Funerary Cone of the Scribe Amenemopet

New Kingdom

On view at The Met Fifth Avenue in Gallery 117

This cone has the impression of a stamp seal inscribed for a man named Amenemopet (Amen-em-opet) who was also known as Tjanefer (Tja-nefer). He was scribe of accounts of the grain of the god Amun and also had the title overseer of the fields. Amenemopet owned Theban tomb 297 (TT 297) which is in the Khokha cemetery of western Thebes behind the former field headquarters of the Museum's Egyptian Expedition.

Hundreds of ceramic cones like this one have been found in the non-royal cemeteries of the Theban necropolis. The Museum's excavators uncovered a tomb with rows of uninscribed cones embedded along the upper edge of the facade and it seems likely that the inscribed cones were used in the same way, identifying the tomb owner by name and title.
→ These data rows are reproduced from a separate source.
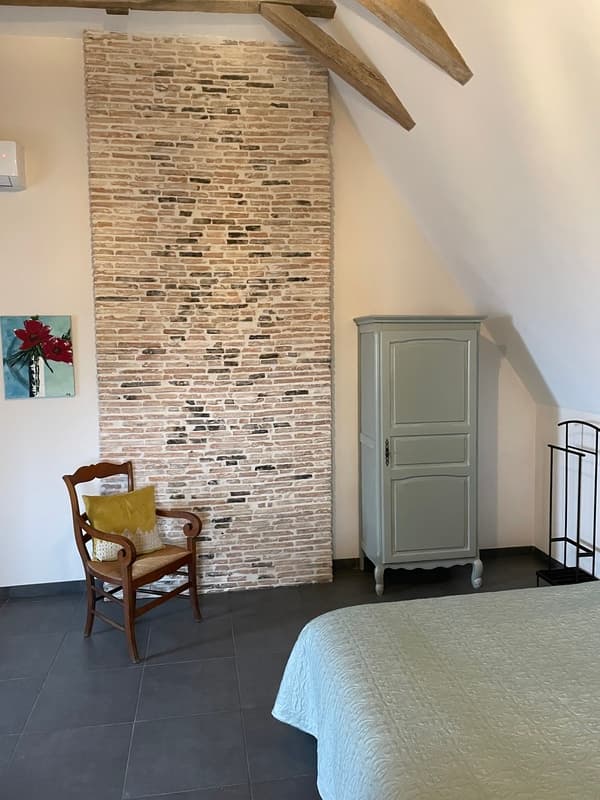 Chambre Mansarde sous les combles (3)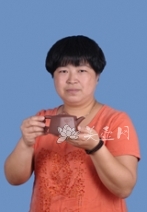 紫砂壶工艺师图片：鲁卫芳 - 宜兴紫砂壶网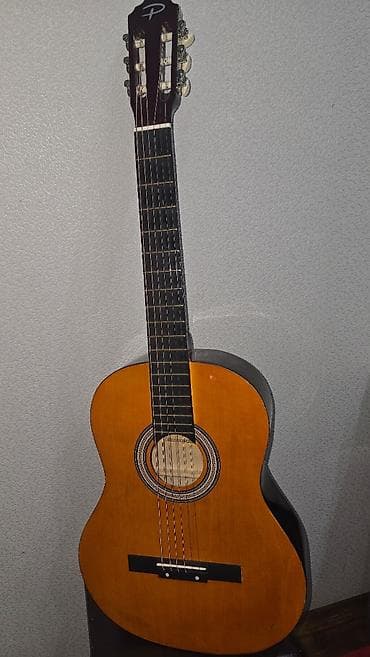 ударный инструмент: 🎸 Продаётся классическая гитара Parquer Состояние хорошее, всё — 6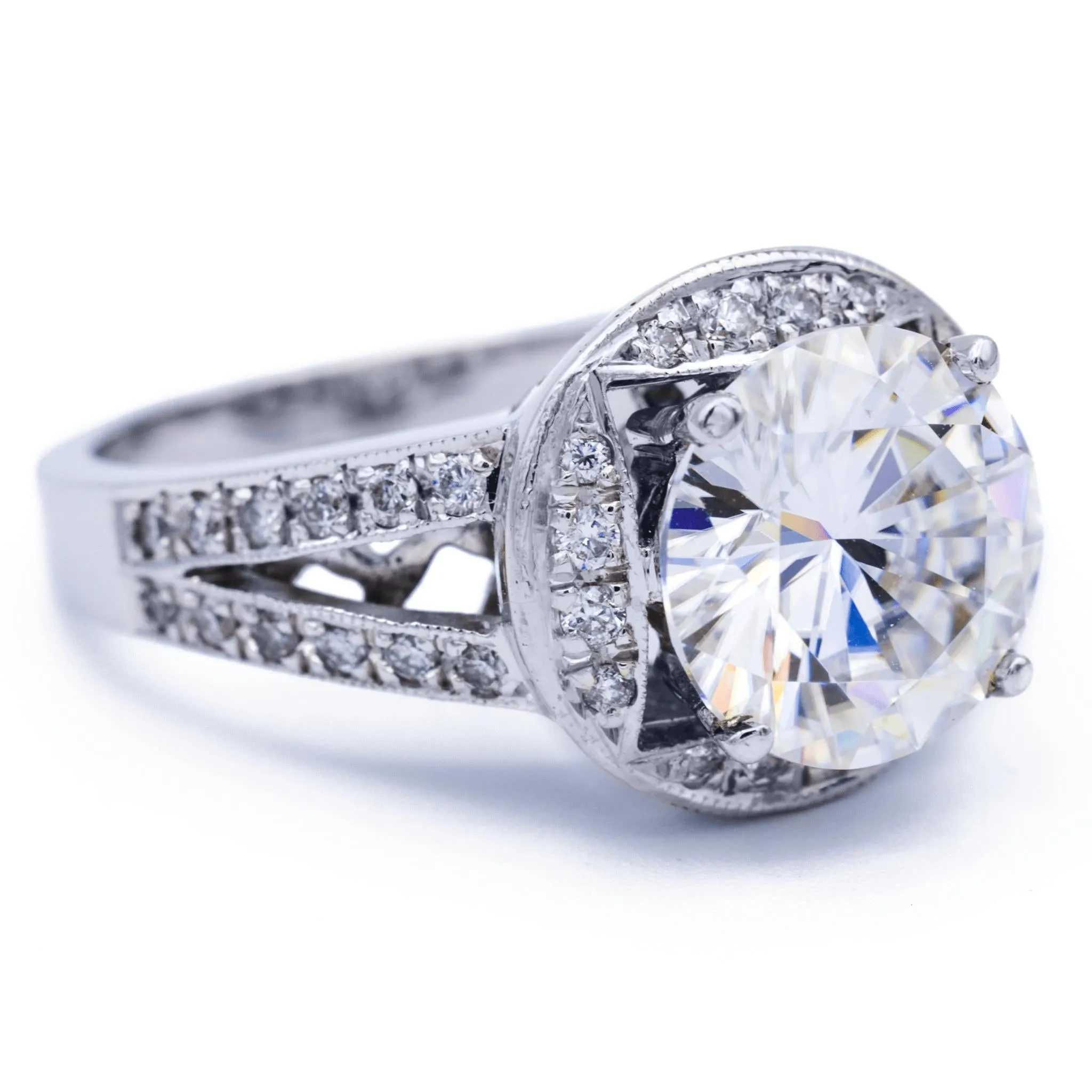 10mm Round Center and Diamond Halo and Split Shank Thick 18K White Gold Ring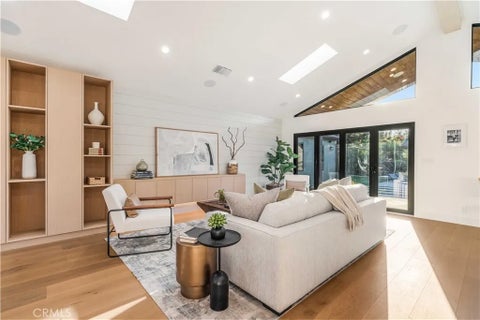 Tiny photo for 5525 Wortser Avenue, Sherman Oaks, CA 91401 (MLS # SR26217089)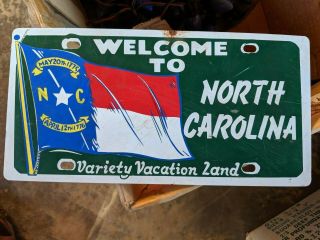 Welcome To North Carolina Variety Vacation Land Flag Vtg Old Metal Vanity Plate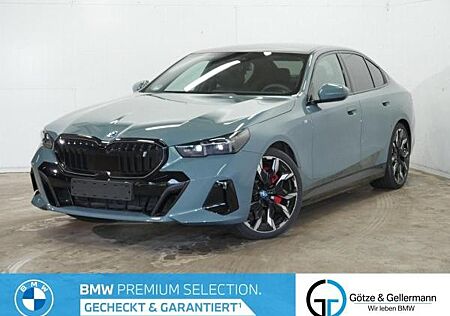 BMW i5 xDrive40 M Sport PRO AHK Leas.abEUR 699,-inkl.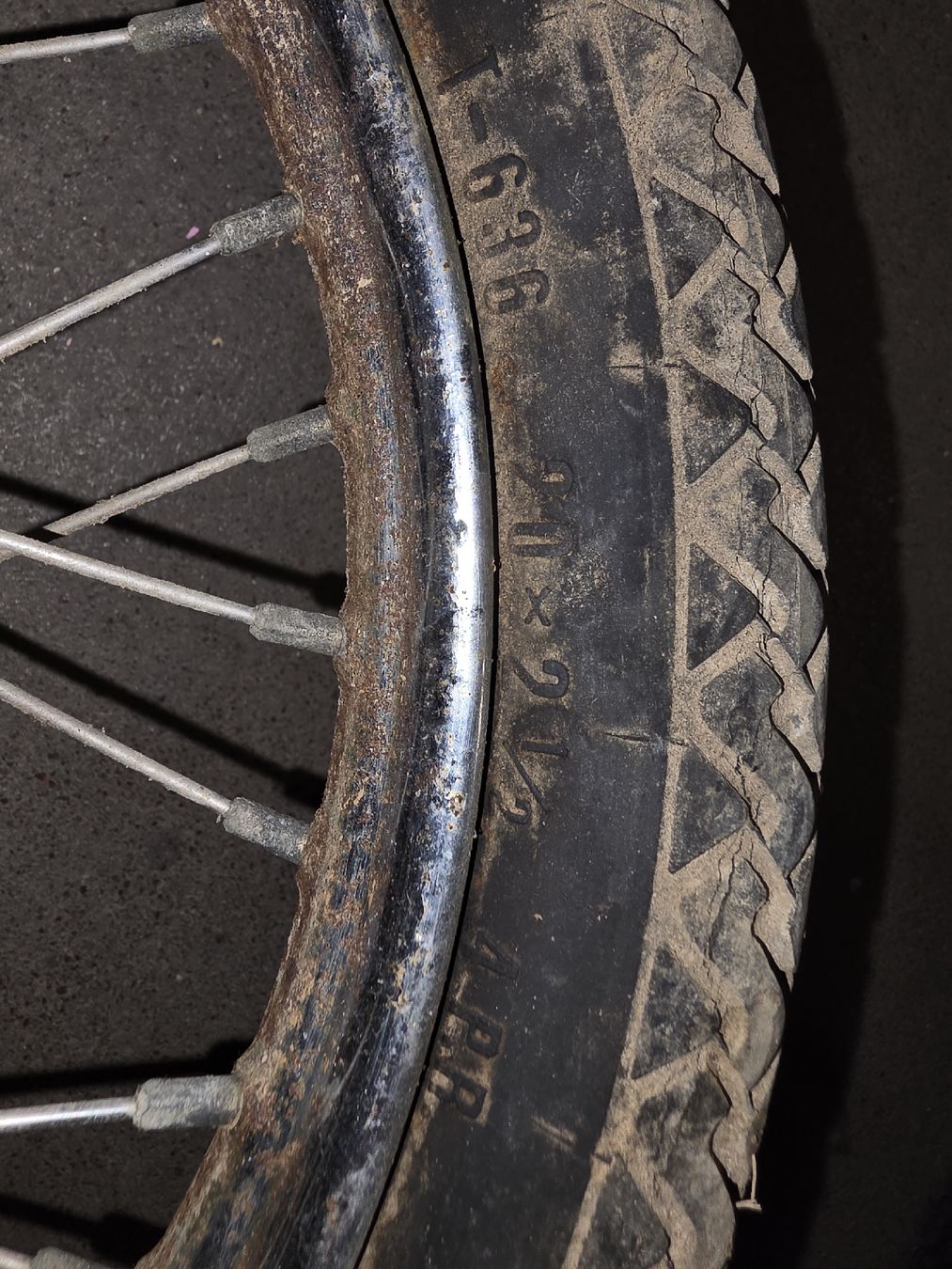 Pneus & Roues: Mofa Piaggio Voderrad – D'occasion à Wald ZH par Walder8636 2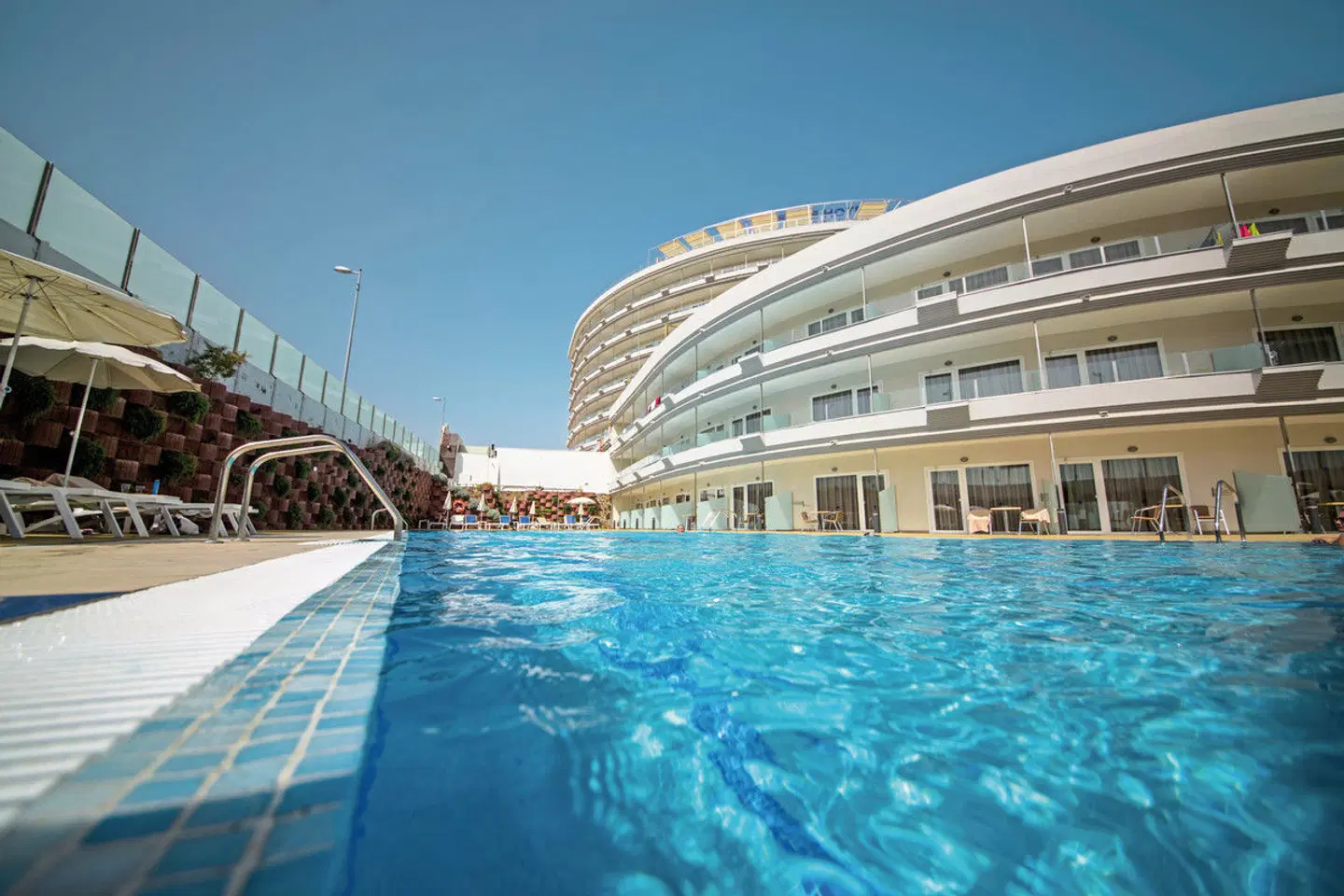 HL Suitehotel Playa del Inglés OUTDOOR_POOL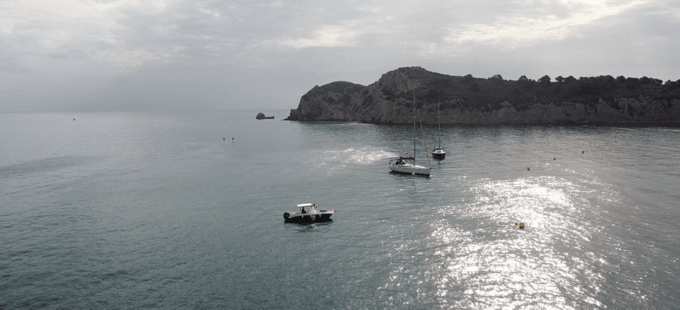 Private Boat Route With Wine,Ibérico Gourmet All Incld 3hour - Frequently Asked Questions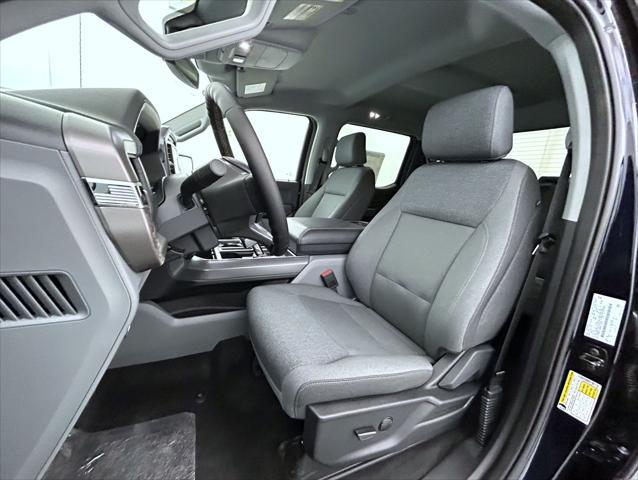 new 2025 Ford F-150 Lightning car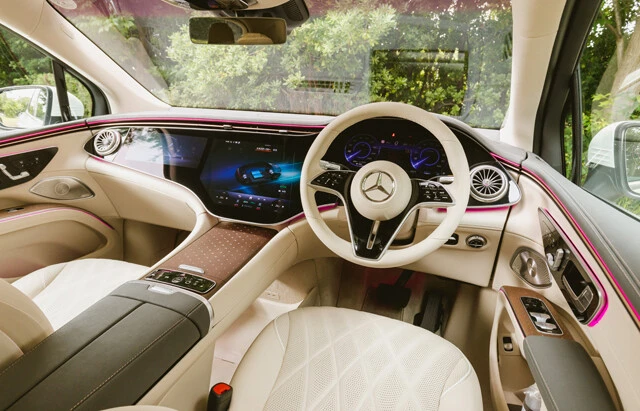 運転席、中央、助手席のディスプレーは1枚ガラスで覆う。オプション価格は121万円。ちなみにアンビエントライトは全64色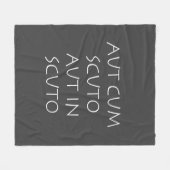 Aut cum scuto aut in scuto fleecedecke (Vorderseite (Horizontal))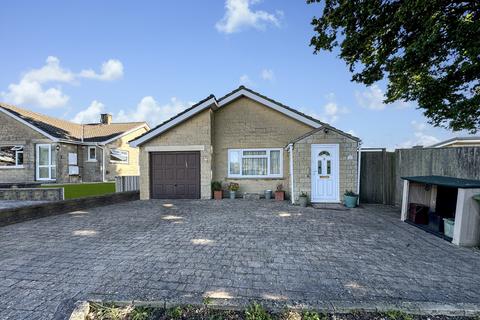 2 bedroom detached bungalow for sale, Woodhayes Road, Frome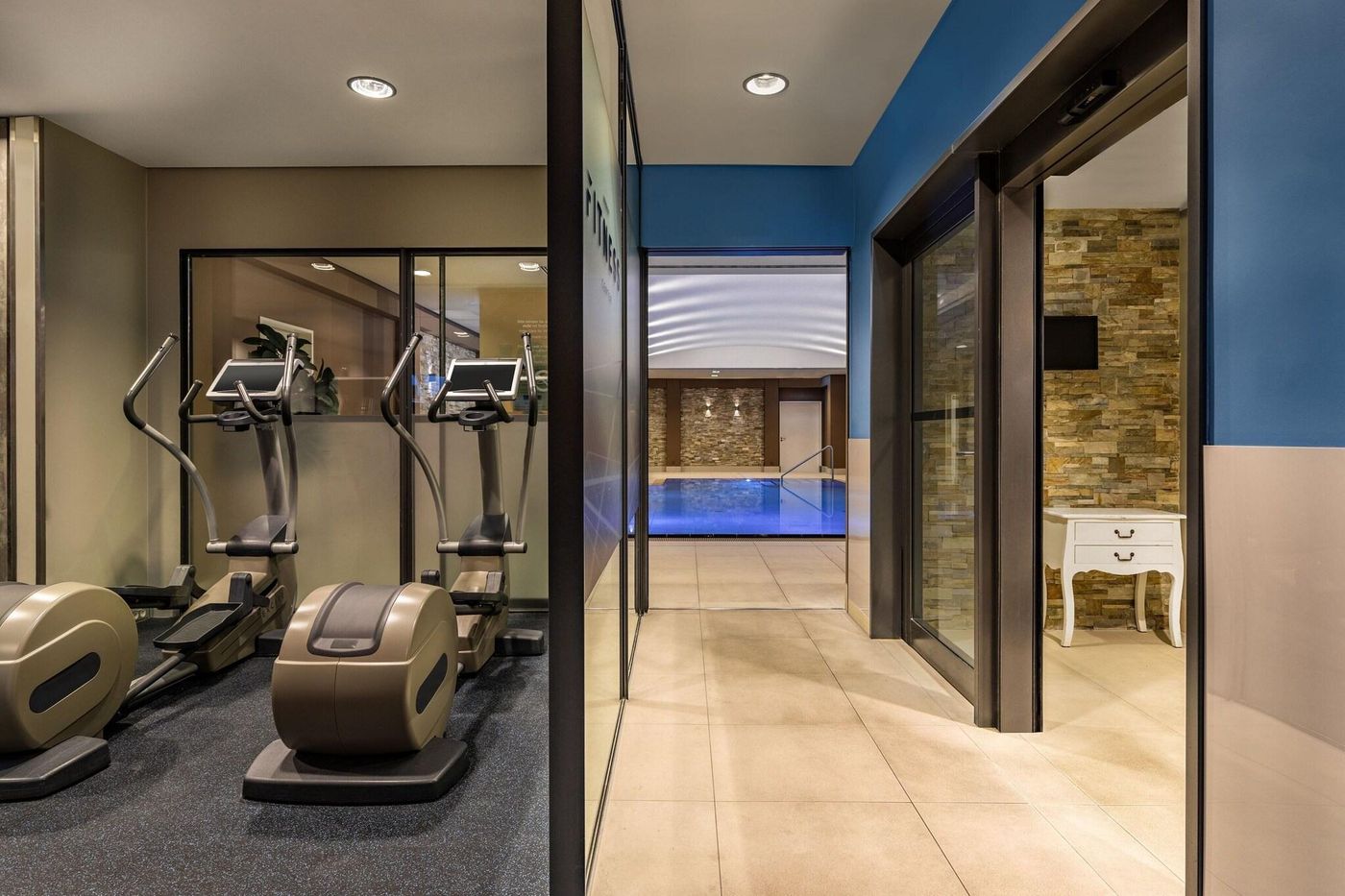 Marriott-Hotel-Berlin-Pool-59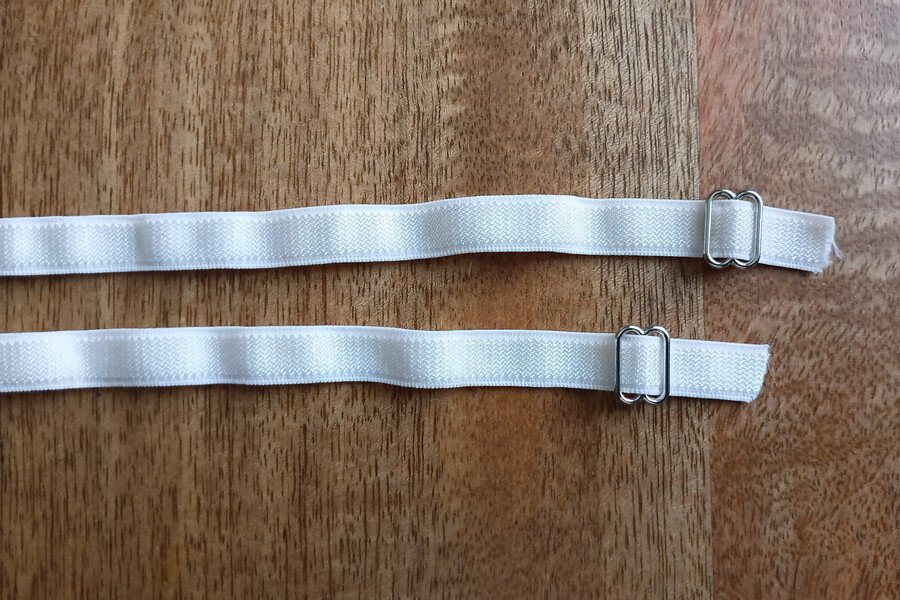 Two strap elastics with sliders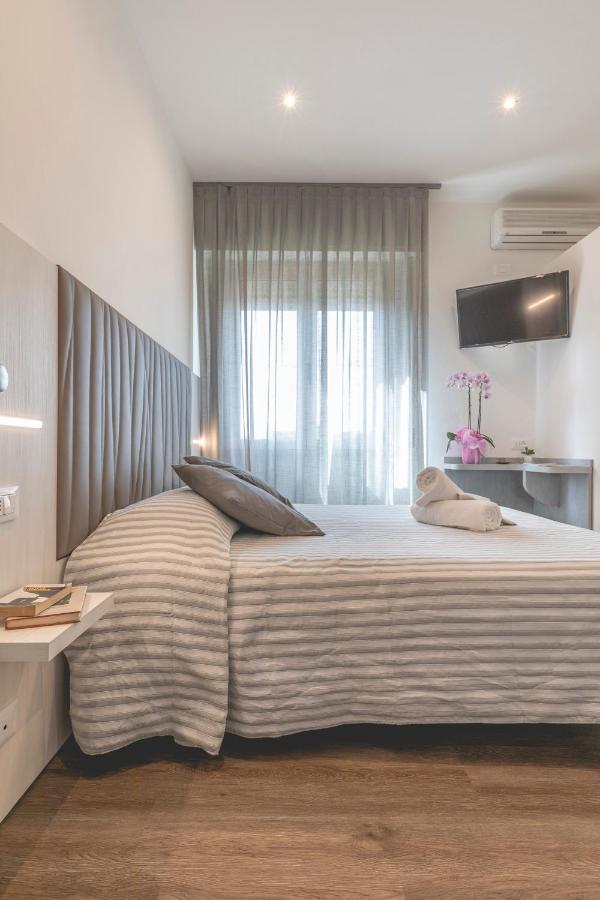 Hotel Loretta & Dependance 3*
However, although many cones are inscribed with the names of individuals like Amenemopet whose tombs are known, most cones record the names of people whose tombs have yet to be identified.

In 1909, the Museum acquired this cone and two others with the same stamp (09.185.17, .20). Six years later, while excavating in the area of TT 297, Museum archaeologists uncovered many more, including five that came to New York in the division of finds (15.10.2–.4, .22, .23). The best preserved impressions are on cones 15.10.2 and 15.10.23.